:: Exercise prompt ::
Below are some records. Write out the lines from the one containing "Galaxy Bedroom Furniture" to the last line, word for word, leaving out pictures.
┄┄┄┄┄┄
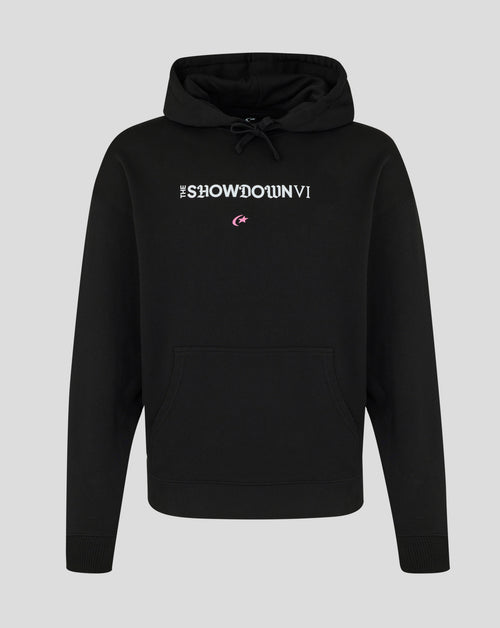 Black hoodie with text on a gray background
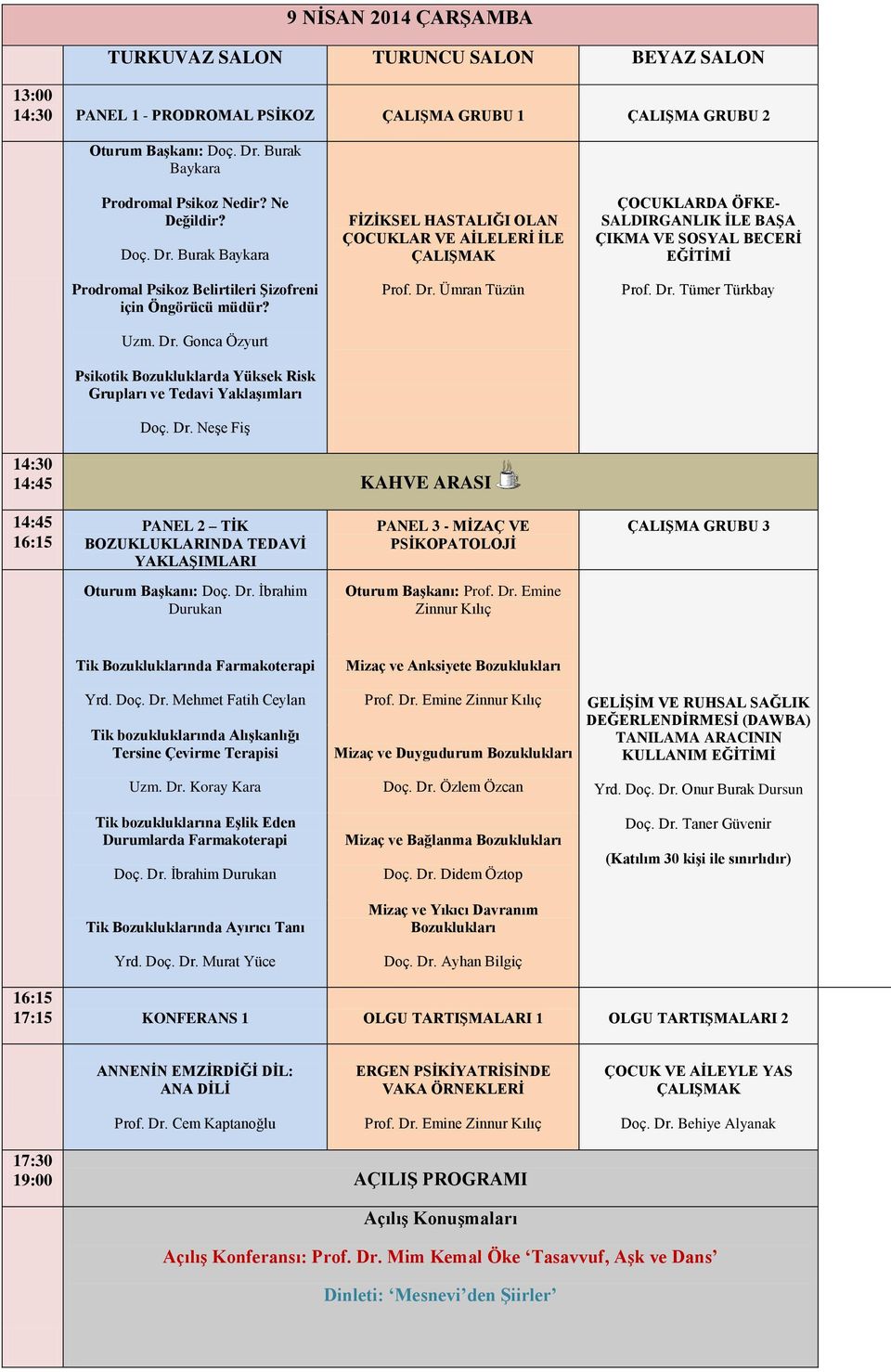 Dr. Tümer Türkbay 14:45 KAHVE ARASI 14:45 16:15 PANEL 2 TİK BOZUKLUKLARINDA TEDAVİ YAKLAŞIMLARI PANEL 3 - MİZAÇ VE PSİKOPATOLOJİ ÇALIŞMA GRUBU 3 Oturum Başkanı: Doç. Dr.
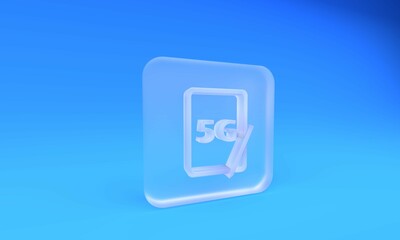 Poster - frosted glass graphic tablet with 5g wireless internet wifi icon isolated on blue background. global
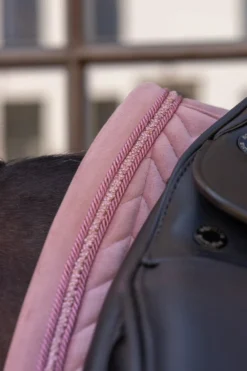 Kentucky Horsewear Kentucky Horsewear|Schabrak & Huvor-Dressyrschabrak Velvet Mini Pearls Old Rose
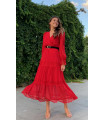 V Neck Watermelon Sleeve Lace Chiffon Dress Red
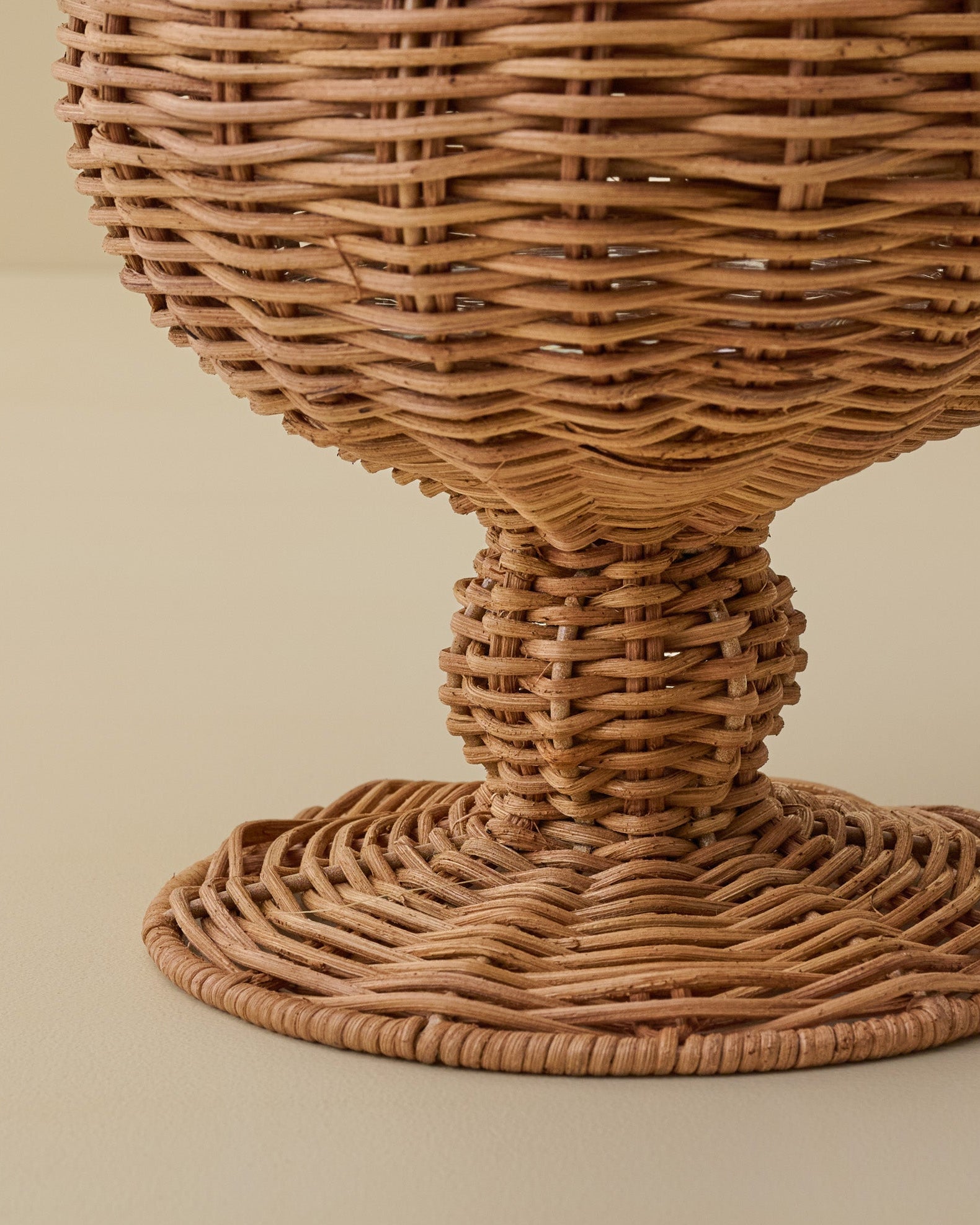 Woven Rattan Footed Vessel close up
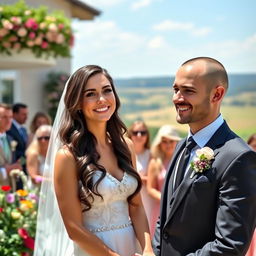 A beautiful Italian woman with long, dark wavy hair and striking blue eyes, wearing an elegant wedding dress, is standing at an outdoor wedding venue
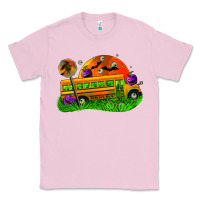 Bubblegum Pink Halloween School Bus Classic Tee - FaDigitalArtStudio
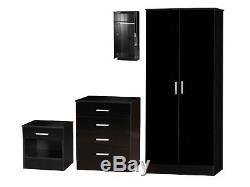 Galaxy Bedroom Furniture Set 3 Piece Wardrobe, Chest Drawers, Bedside
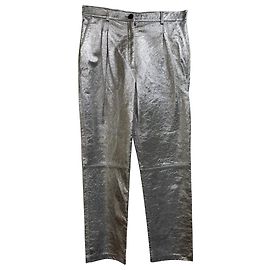 Etro Metallic-Hose aus silberner Viskose Silber Metallisch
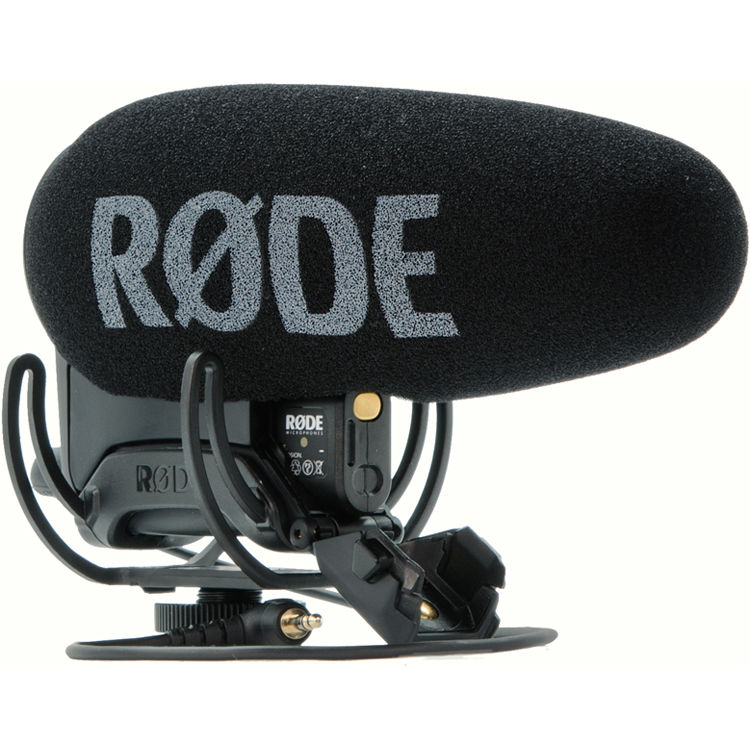Rode VideoMic Pro+ camera microphone mounted on a camera, capturing high-quality audio for videography and filmmaking.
┄┄┄┄┄┄
:: Result ::
 Galaxy Bedroom Furniture Set 3 Piece Wardrobe, Chest Drawers, Bedside
 Etro Metallic-Hose aus silberner Viskose Silber Metallisch
Rode VideoMic Pro+ camera microphone mounted on a camera, capturing high-quality audio for videography and filmmaking.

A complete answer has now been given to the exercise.